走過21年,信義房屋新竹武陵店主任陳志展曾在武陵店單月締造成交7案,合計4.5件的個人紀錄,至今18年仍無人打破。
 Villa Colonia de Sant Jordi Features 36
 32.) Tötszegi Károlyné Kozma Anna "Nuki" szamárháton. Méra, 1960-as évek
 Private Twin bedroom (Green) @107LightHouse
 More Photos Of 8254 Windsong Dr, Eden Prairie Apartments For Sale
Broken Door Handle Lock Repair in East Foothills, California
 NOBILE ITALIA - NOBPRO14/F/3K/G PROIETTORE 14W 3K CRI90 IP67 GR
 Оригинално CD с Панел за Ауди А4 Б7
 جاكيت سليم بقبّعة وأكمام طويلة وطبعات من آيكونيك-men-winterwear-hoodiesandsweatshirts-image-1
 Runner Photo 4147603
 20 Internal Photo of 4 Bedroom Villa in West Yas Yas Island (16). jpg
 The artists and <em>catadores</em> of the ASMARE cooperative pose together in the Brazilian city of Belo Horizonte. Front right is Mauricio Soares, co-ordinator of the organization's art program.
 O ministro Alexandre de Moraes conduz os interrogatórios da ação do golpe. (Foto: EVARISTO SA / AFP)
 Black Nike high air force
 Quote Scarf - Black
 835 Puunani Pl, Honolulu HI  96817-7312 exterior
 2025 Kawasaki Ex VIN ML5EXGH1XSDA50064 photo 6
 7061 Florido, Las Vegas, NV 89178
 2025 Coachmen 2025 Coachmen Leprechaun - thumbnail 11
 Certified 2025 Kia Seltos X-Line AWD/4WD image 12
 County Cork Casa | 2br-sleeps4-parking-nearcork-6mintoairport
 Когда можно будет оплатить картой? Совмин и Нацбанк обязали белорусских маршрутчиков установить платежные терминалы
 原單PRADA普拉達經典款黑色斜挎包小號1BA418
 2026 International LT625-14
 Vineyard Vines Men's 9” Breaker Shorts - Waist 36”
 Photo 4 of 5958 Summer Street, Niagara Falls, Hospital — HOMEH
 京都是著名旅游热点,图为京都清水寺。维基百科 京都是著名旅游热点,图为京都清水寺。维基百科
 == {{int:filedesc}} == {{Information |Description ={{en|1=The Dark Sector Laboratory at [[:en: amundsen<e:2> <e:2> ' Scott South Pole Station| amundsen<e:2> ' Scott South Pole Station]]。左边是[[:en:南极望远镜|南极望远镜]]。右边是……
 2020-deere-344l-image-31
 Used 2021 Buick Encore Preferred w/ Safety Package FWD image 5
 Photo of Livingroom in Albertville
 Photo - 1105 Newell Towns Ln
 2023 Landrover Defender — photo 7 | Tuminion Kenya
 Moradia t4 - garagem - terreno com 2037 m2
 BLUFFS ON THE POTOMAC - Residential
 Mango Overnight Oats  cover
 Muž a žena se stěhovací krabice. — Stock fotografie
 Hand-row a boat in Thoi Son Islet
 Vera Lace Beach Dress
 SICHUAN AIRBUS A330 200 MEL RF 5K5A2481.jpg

Problem requirements.
Beginning at the line with "The artists and" and stopping after the line with "2025 Kawasaki Ex", please write out every line of the data above exactly and nothing else.

Worked solution.
 The artists and <em>catadores</em> of the ASMARE cooperative pose together in the Brazilian city of Belo Horizonte. Front right is Mauricio Soares, co-ordinator of the organization's art program.
 O ministro Alexandre de Moraes conduz os interrogatórios da ação do golpe. (Foto: EVARISTO SA / AFP)
 Black Nike high air force
 Quote Scarf - Black
 835 Puunani Pl, Honolulu HI  96817-7312 exterior
 2025 Kawasaki Ex VIN ML5EXGH1XSDA50064 photo 6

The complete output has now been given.